Memory leak in pyROOT when using user-defined C++ macros from Python and TTree Friends

martialc · May 22, 2024, 1:18pm

ROOT Version: 6.26/04 (from /cvmfs/sft.cern.ch/lcg/views/LCG_102/x86_64-centos7-gcc8-opt)
Python Version: 3.11.2
Platform: CentOS Linux release 7.9.2009 (Core)

Hi! I’m kind of new to ROOT and pyROOT, but theses past few months I’ve been familiarizing myself with the framework and I’ve arrived to a script that does everything I need to do: read a TTree from a TFile, create a new TTree in a new TFile and compute some TBranches from the TBranches in the original TFile and writing them to the new TTree.

However, I’ve come to the realisation that this script is using enormous amounts of memory (the jobs in Condor end up using ~100GB of memory when computing 20-30 new branches in 300k entries files). This happens too in local.

Code structure

In detail, what I’ve done with the code is:

I’ve written a series of .cpp that look like this:

// project/macros/macro.cpp
#include <vector>
vector<float> macro(
    vector<float> value1,
    vector<float> value2
) {
    vector<float> result;
    // compute and push back values for result
    return result;
}

I’ve wrapped the C++ macros with Python functions so I can call them as part of a package:

# project/src/module/macros/macro.py
import ROOT

ROOT.gROOT.LoadMacro('project/macros/macro.cpp')
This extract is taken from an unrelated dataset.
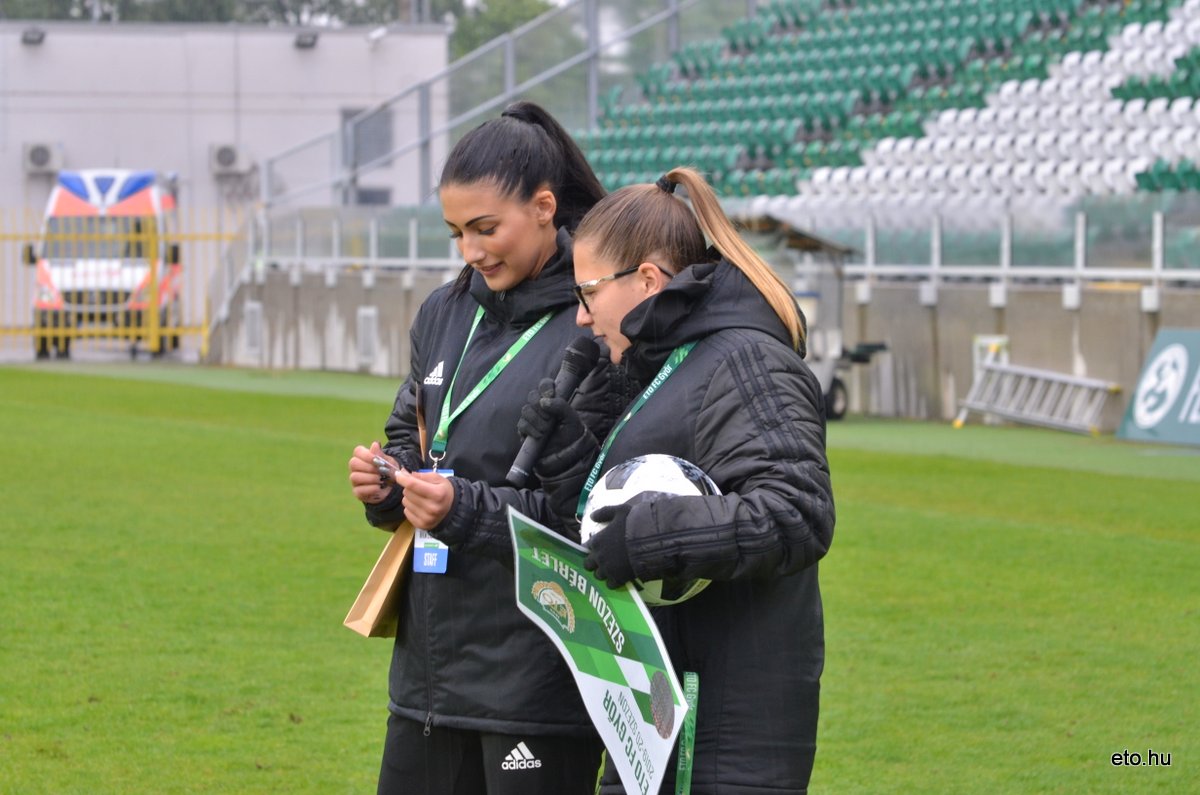 WKW ETO-Gyirmót FC 1-0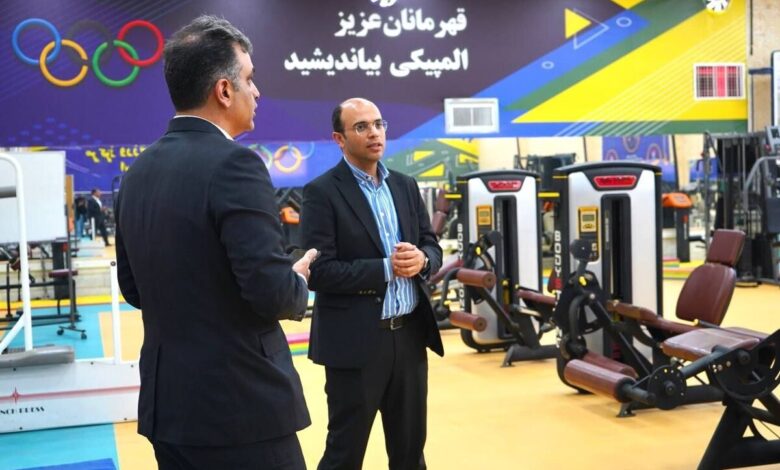 صدیقی: تلاش می‌کنیم اعزام‌ها به بهترین نحو انجام شود/ صنایع یزد از رشته ووشو حمایت کنند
def macro(tree, *args, **kwargs):
    return ROOT.macro(
        getattr(tree, 'value1'), #branch with vector of floats
        getattr(tree, 'value2')  #branch with vector of floats
    )

I’ve built a Python class that handles dynamic creation of branches from these macros:

# project/src/classes/reTupler.py
class reTupler:
    def __init__(self, tree_name, new_file, src_file):
        self.src_file = ROOT.TFile.Open(src_file)
        self.src_tree = self.src_file.Get(tree_name)

        self.new_file = ROOT.TFile.Open(new_file,'recreate')
        self.new_tree = ROOT.TTree(tree_name, tree_name)

        # To access branches in 'src_tree' from 'new_tree':
        self.new_tree.AddFriend(self.src_tree)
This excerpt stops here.